自爆営業ひきこもり

プロこもらー猿。20年ものひきこもりから抜け出したのに勤めた会社はブラックでした。パワハラで再びひきこもりに。社会を変えようと市議選に立候補。ひきこもり新聞、ひきポスに記事を寄稿。

仏メディアの取材を受けた

先日、仏メディアのピエールの取材を受けた。二次会はサイゼリア。彼とはとなりの席になった。
オレはあまり英語ができないので語学が堪能な友人に訳してもらいながら、あるいは自分の野生の勘を信じて何とか会話になったと思う。

 

ピエール「なぜ君は人の目を気にするんだい? 俺は気にしない。ほらっ、誰も俺を気にしないだろ?」彼がサイゼのいすに立ち上がって調子ぶっこき始めた。友人が慌ててピエールをすわらせる。

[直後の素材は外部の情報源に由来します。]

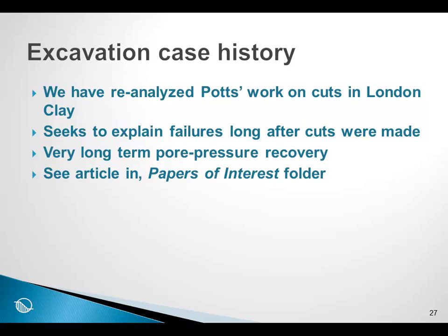The negative pore water pressures have disappeared over the decades, and that is why the slopes are now failing after so many years after they were actually constructed. So he used this to explain the failures, and it was the relaxation or the equalization of the negative pore pressures that came about from creating the cut itself. Once again, we have documented the reanalysis of some of the work that Potts has done using sigma-w. And once again, if you look on the CD in the folder Papers of Interest, there's a document that summarizes the work that we have done using sigma-w to analyze this case history.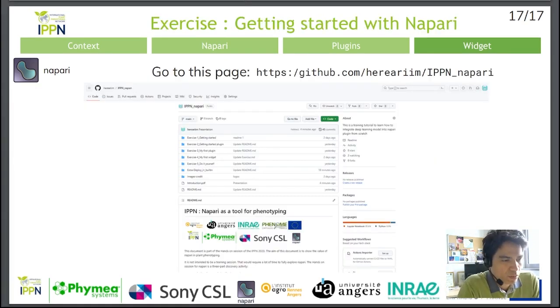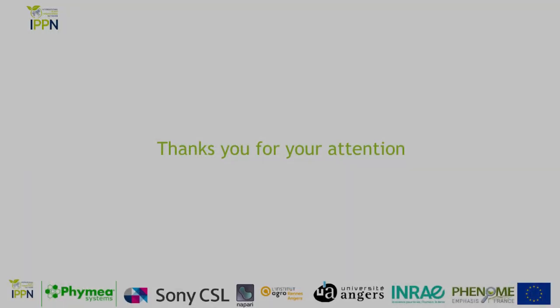This video is now complete. In the second part, we will get started with Napari. We are going to design and develop a plugin through a number of exercises on the GitHub page.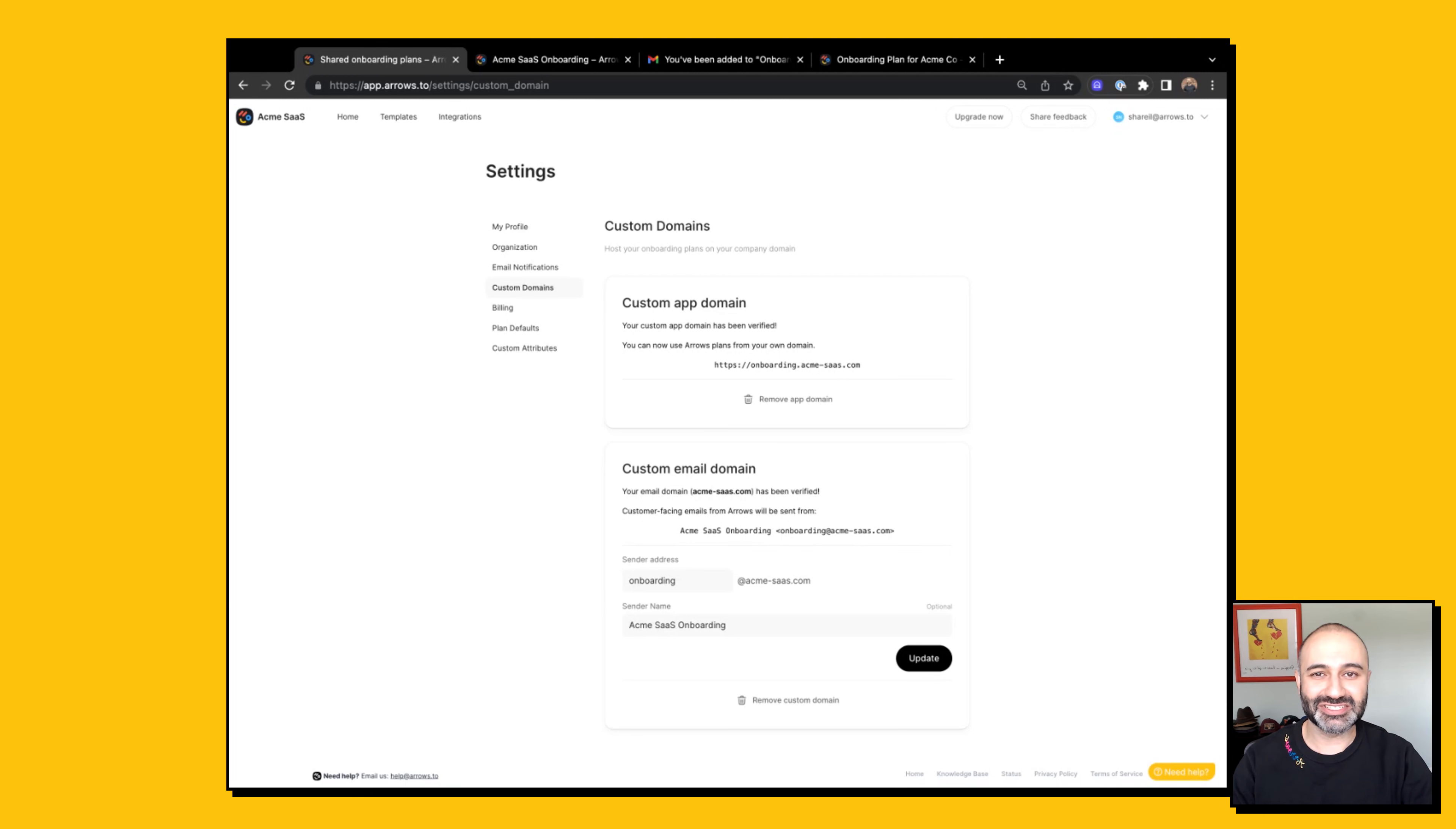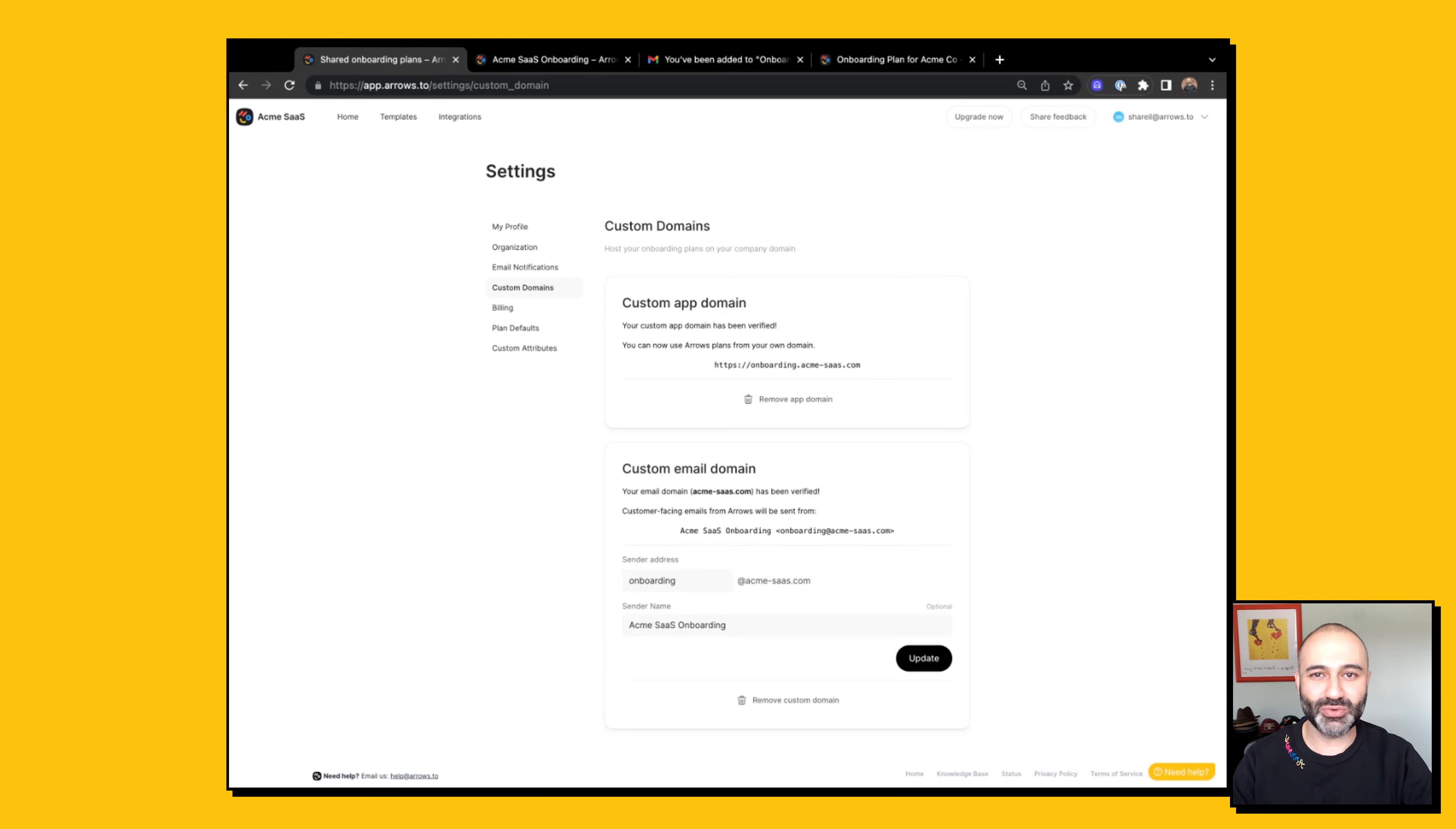With custom app and custom email domains, you now get to set which email address notifications come from to your participants and what the plan URL looks like when a customer opens their onboarding plan.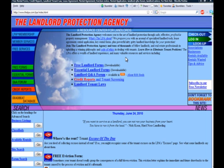Welcome to the LPA! To take advantage of all the features and benefits of the LPA website, the first thing to do is to register a username and password. This will enable you to place orders, retrieve documents, and access members-only features of the website. Please watch as I demonstrate how easy it is to register a username and password.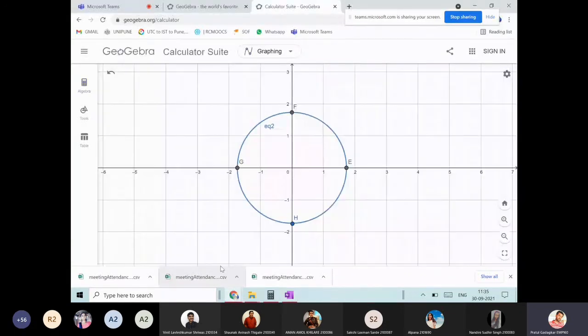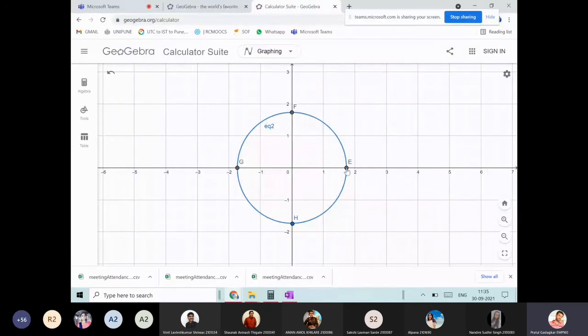In GeoGebra, entering x² + y² = 3 gives the circle. The four intersection points with the axes are approximately (1.7, 0), (0, 1.7), (−1.7, 0), and (0, −1.7). So it is a circle with center (0, 0) and radius √3.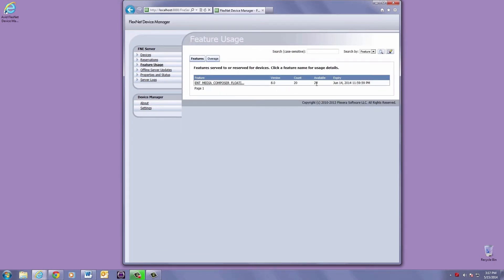For more information about how to actually activate the editor using the floating license method, check out the video at avid.com/how to.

オレ「それは文化のちがいだぜ、ピエール。欧米人は神の目を気にする。一方、日本人は世間の目を気にするんだよ」
世間は英語で訳せそうにないので「日本人は多くの人の目を気にする」と言い替えた。

DSM--Vでも対人恐怖症はローマ字表記のはず。日本(それと韓国か)に際立って多い文化的に影響が高い恐怖症。恥の文化も影響しているんじゃないだろうか。

 

ピエ「普通、社会批評は理論から入る。でも、君たちひきこもりは身をもって示している。それは素晴らしい」彼はしきりにcritic(批評家)という言葉を連発する。
オレ「いや、他の連中は知らないけどオレは社会批評なんてするつもりはない。ただ、女の子にモテたい。それだけだ」
ピエール、オレを抱きしめる。
ピエ「自分はひきこもりになりたいとは思わないな。でも、ひきこもりを許容しない社会は嫌だね」
ほお、エスプリが利いているじゃないか。


ピエ「インドに行ったことがある、素晴らしい場所だ」
唐突に話題が変わった。
オレ「オレはインドに行く必要がない。なぜなら、心の中に小さなインド、リトル・インドがあるから。でもね、これだけでは良くない。頭でっかちになるから。もっと体で感じる必要がある」
友人がこの言葉を聞いて吹き出した。周囲のひきこもり経験者・当事者もオレたちの会話を聞いていた。簡単な英語だからあるていどは理解できるのだろう。

 

ピエ「君の人生の目的は?」
オレ「女の子にモテたい。それだけだ」
ピエ「君はモテるだろ? intelligence(知性)もあり、sensitivity(感受性)もあり、charm(魅力)がある」
オレ「But I have no confidence and no money.(でも、自信もカネもない)」
おお~と首をふりながらオレの肩に抱きつくピエール。
ピエ「ここは中国じゃないんだよ。大丈夫」

フランス人から見た中国、ピエール一人だと判断できないが、そういう見方なのか。かつての日本が、中国に置き換わったようなものなのかもしれない。

 

ピエールが恋のアン・ドゥ・トロワを教えてくれた。

「1つ、まず相手への気持ちは隠せ。2つ、You should keep orginality(君は今のままでいい)、3つ、戦略的に行動しディナーに誘え。最後、困ったらオレに電話しろ何とかなる」

1〜3は可能だが最後は無理だろ。ピエールの電話番号知らないわ。あの野郎……。

 

※2つ目の訳が迷った。これはひきこもったままでいいというよりはオレの今の性格とか考え方とか感性をキープしろということだと思う。

※自分の英語力の問題もあって極端なことを言うことしかできなかった。事細かい、微妙な表現ができないから。イエス・ノーもはっきりする。語学というのは“コミュ障”で悩んでいる人にはいいんじゃないだろうか。

※女の子にモテたいというの真実ではあるが、承認欲求を説明するのに一番わかりやすいフレーズだったから使用した。